Haz brillar tu rostro sobre tu siervo, sálvame por tu misericordia, Señor, que no me avergüence de haberte invocado (Sal 29 (30), 17s).
La antífona nos sitúa hoy en actitud orante y de diálogo con el Señor al que vamos a recibir. Quien se acerca a comulgar es un siervo necesitado de salvación. Desde esa necesidad, desde esa indigencia, es como verdaderamente podemos hacerlo, pues comulgamos al Salvador y entramos en comunión con el misterio de salvación.

La lejanía de Dios es oscuridad, pero su luz no es algo impersonal a lo que tengamos acceso por nuestro propio pie, como quien sale de una zona de sombra y se pone al Sol.
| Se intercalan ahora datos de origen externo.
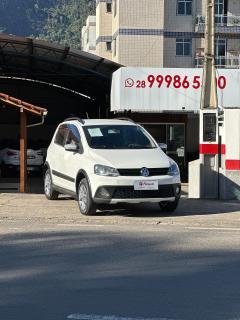 Foto do veículo Volkswagen Crossfox 1.6 T. Flex 16v 5p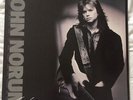 JOHN NORUM TOTAL CONTROL 1987 DUTCH CBS LP EUROPE FINAL COUNTDOWN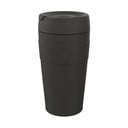 Tazza termica nera 454 ml  Helix Thermal Black L – KeepCup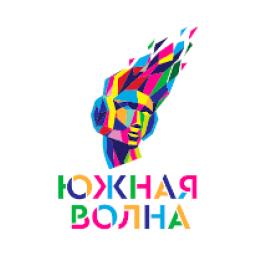 Радио Южная Волна logo
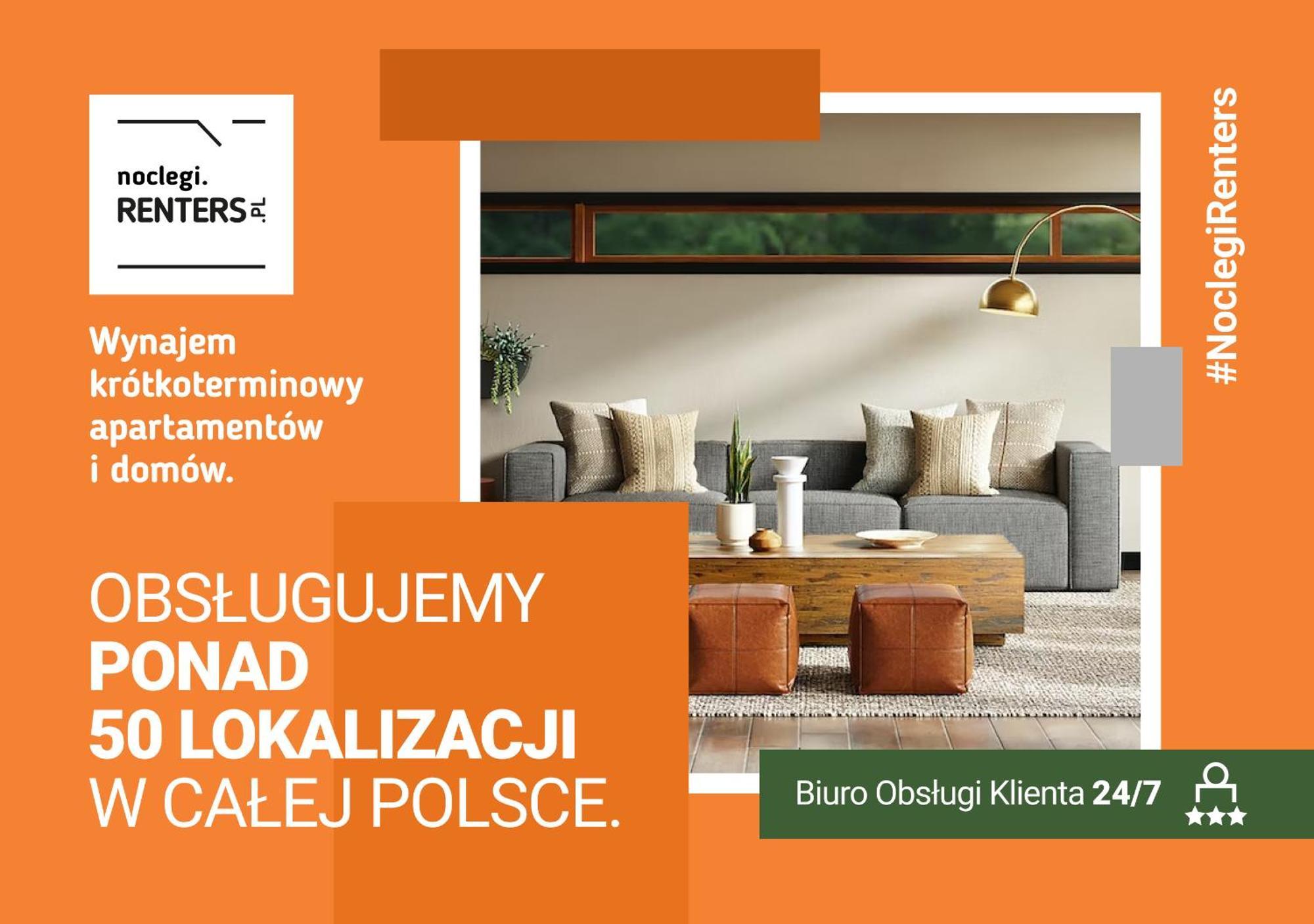 Stylish Apartment Grunwaldzka 49 By Noclegi Renters Świnoujście Exterior foto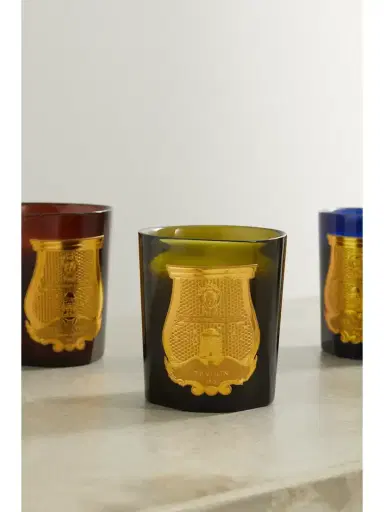 TRUDON Abd El Kader Scented Candle, 270g | Thumbnail 2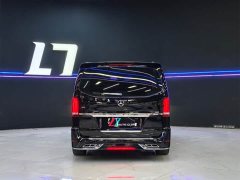 Mercedes-Benz Vito 2020 2.0T Elite 7-Seater - ფოტო 3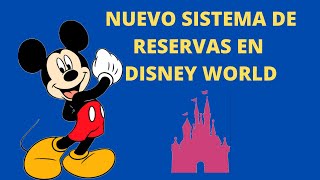 Tutorial para reservar hotel y vacaciones a Disney World  Paso a paso  Dani Godinez [upl. by Annoyi806]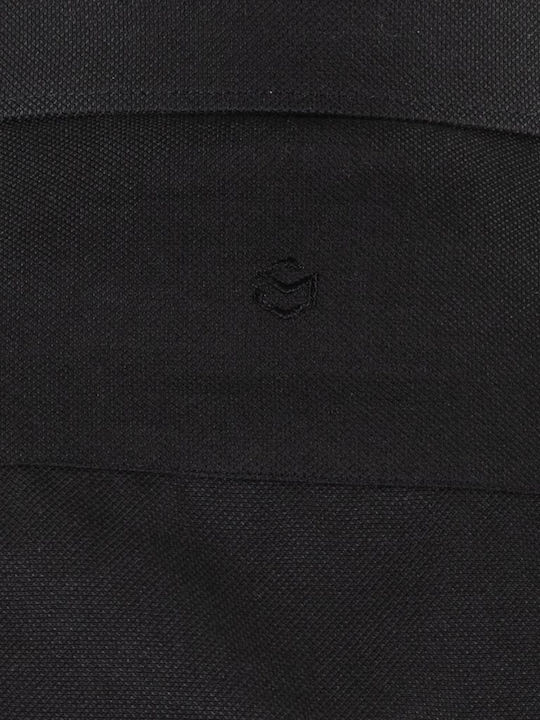 Long Sleeve Shirt Regular Fit Black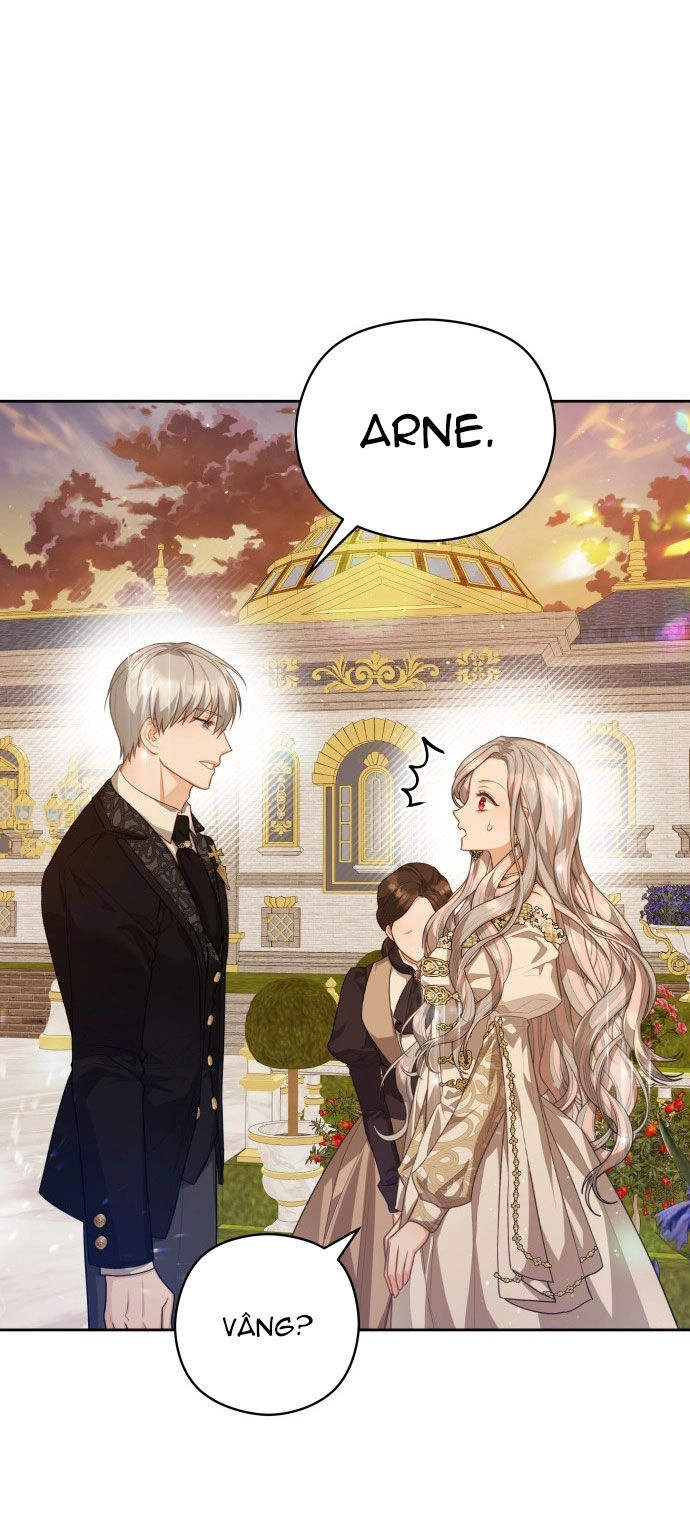 Đôi Môi Trên Lưỡi Dao Chapter 51.2 - 23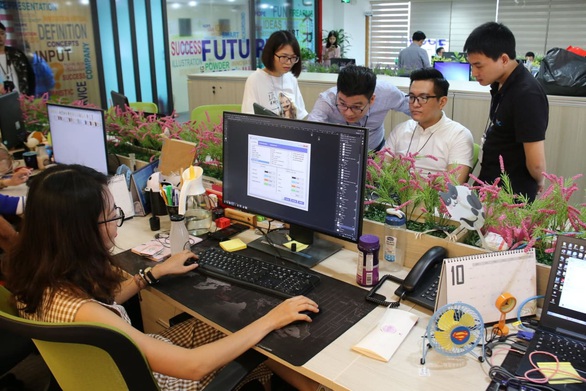 Samsung xin ưu đãi cả giá điện - Ảnh 1. Samsung xin ưu đãi cả giá điện - Ảnh 1.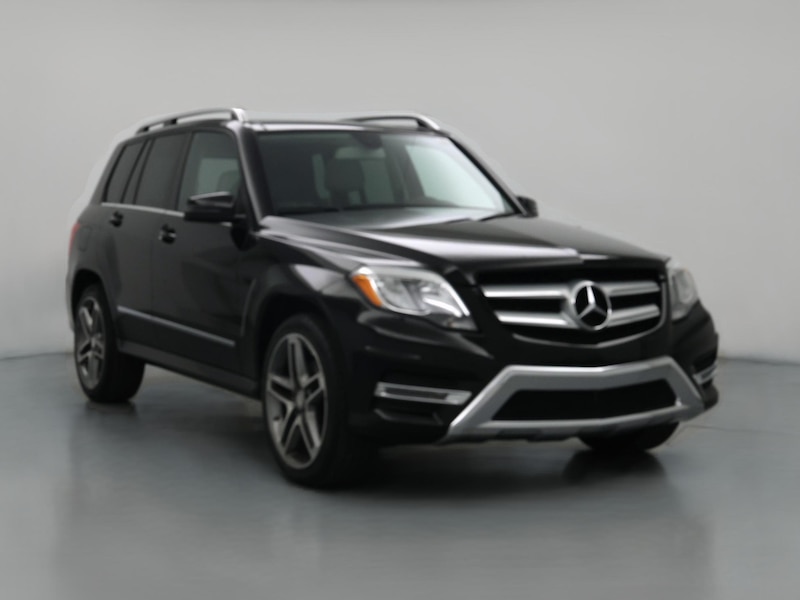 2015 Mercedes-Benz GLK 350 -
                  Kenner, LA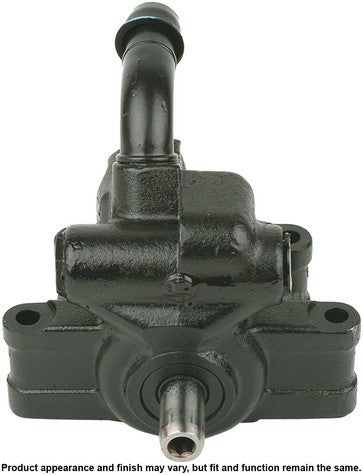 CARDONE Reman Power Steering Pump P/N:20-294 Fits: Jaguar S-type 01-00, Lincoln Ls 01-00 - Image 4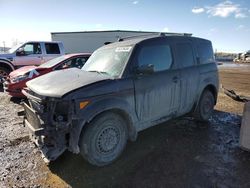 Salvage cars for sale at Rocky View County, AB auction: 2003 Honda Element EX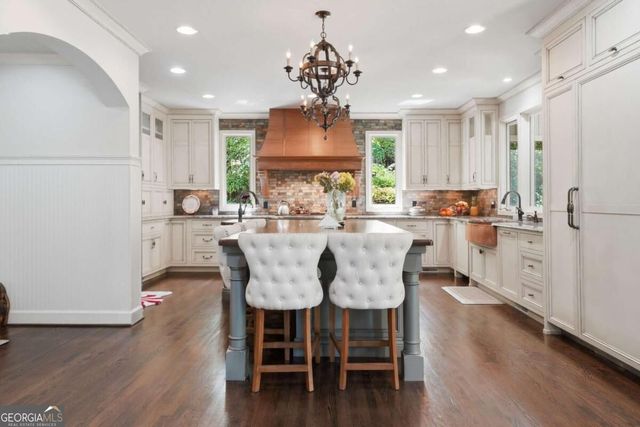 630 Danas Ridge Drive, Roswell, GA 30075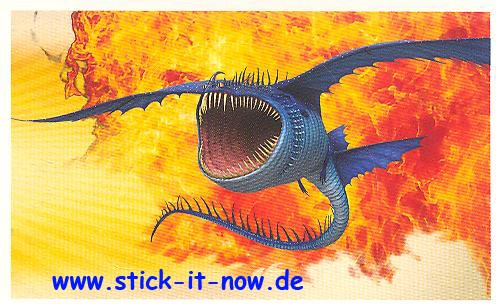 Dragons (2014) - Ein Trainingshandbuch für begabte junge Drachenreiter - Nr. 153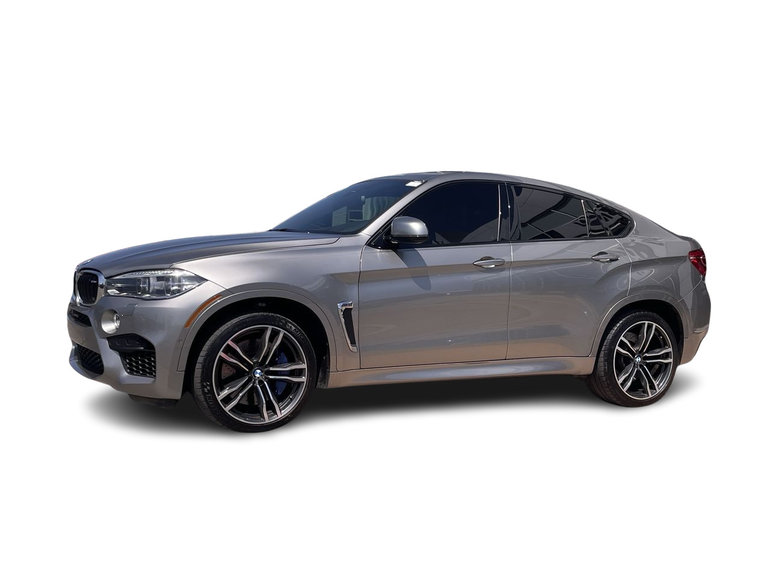 2019 BMW X6 M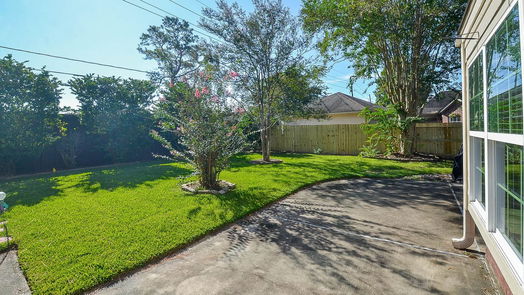 Houston 2-story, 4-bed 4218 Amber Lake Drive-idx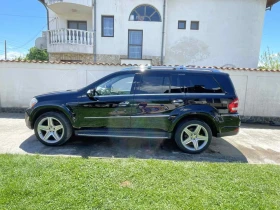 Обява за продажба на Mercedes-Benz GL 500 GL 550 ~32 000 лв. - изображение 8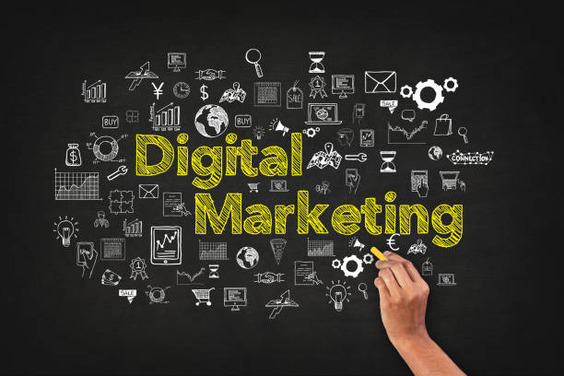 Digital Marketing Agency in Delhi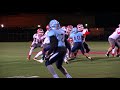 Jamesville-DeWitt vs Indian River - NNY Football Game of the Week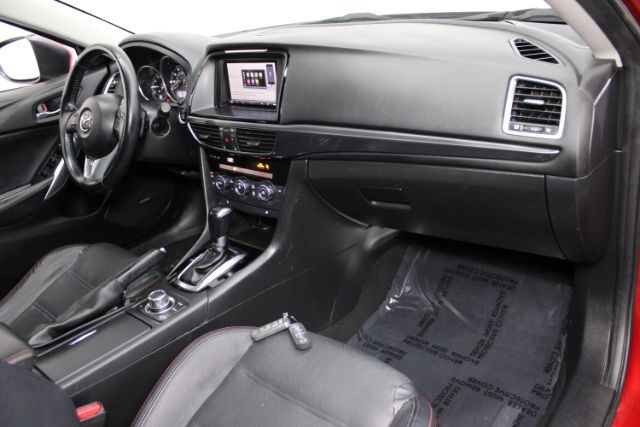 2015 Mazda Mazda6 i Grand Touring Chantilly VA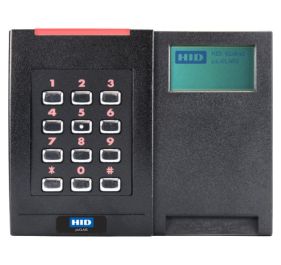 HID 923PPPNEK0032P Access Control Equipment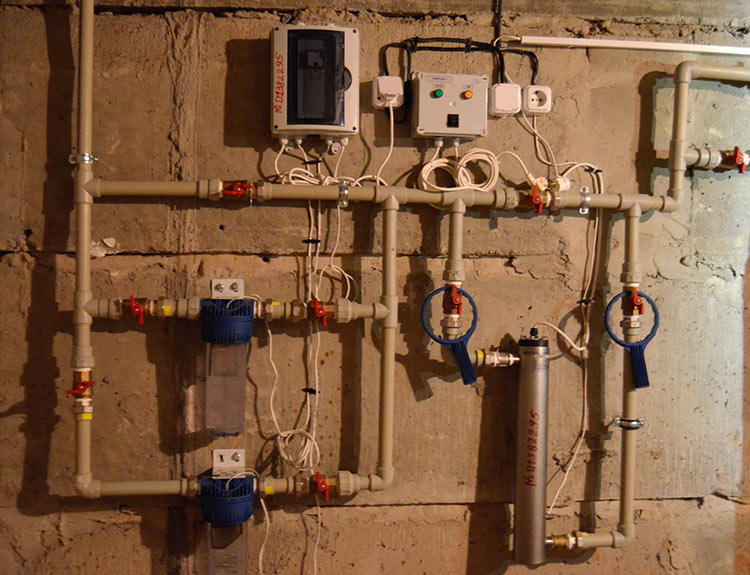 бассейн поликлиника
Jesús es la Luz y su luminosidad es un don  que Él nos hace desde su misericordia. Yo solamente puedo pedirlo.

Su rostro es una luminaria, en cuya luminosidad estamos en la Verdad que es Él mismo. Y es también fulgor de Belleza. El misterio de nuestra salvación es tornar a la Bondad divina, pero es también misterio de Verdad y Belleza. El Amor de Dios nos ilumina con la Verdad que es y nos atrae y glorifica con su Belleza.

Pero el resplandor del rostro de Cristo que pedimos y buscamos en la Eucaristía no queremos que sea solamente para nosotros. Queremos que esa acción salvífica de Dios sea patente para los demás, que vean que Aquél en quien confiamos es el único en quien confiar. No quedar avergonzado ante los que no creen tiene un contenido positivo claro, que les sea a ellos manifiesto que donde hay salvación es en Cristo.